== Exercise brief ==
Find all the lines in the entries below that hold the word "Black" and copy them.

== Records supplied ==
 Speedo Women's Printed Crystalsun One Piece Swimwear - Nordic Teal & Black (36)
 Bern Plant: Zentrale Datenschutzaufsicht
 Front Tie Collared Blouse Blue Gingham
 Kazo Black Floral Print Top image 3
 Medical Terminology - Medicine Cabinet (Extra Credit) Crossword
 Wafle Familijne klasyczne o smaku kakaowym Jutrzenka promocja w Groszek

== Solution ==
 Speedo Women's Printed Crystalsun One Piece Swimwear - Nordic Teal & Black (36)
 Kazo Black Floral Print Top image 3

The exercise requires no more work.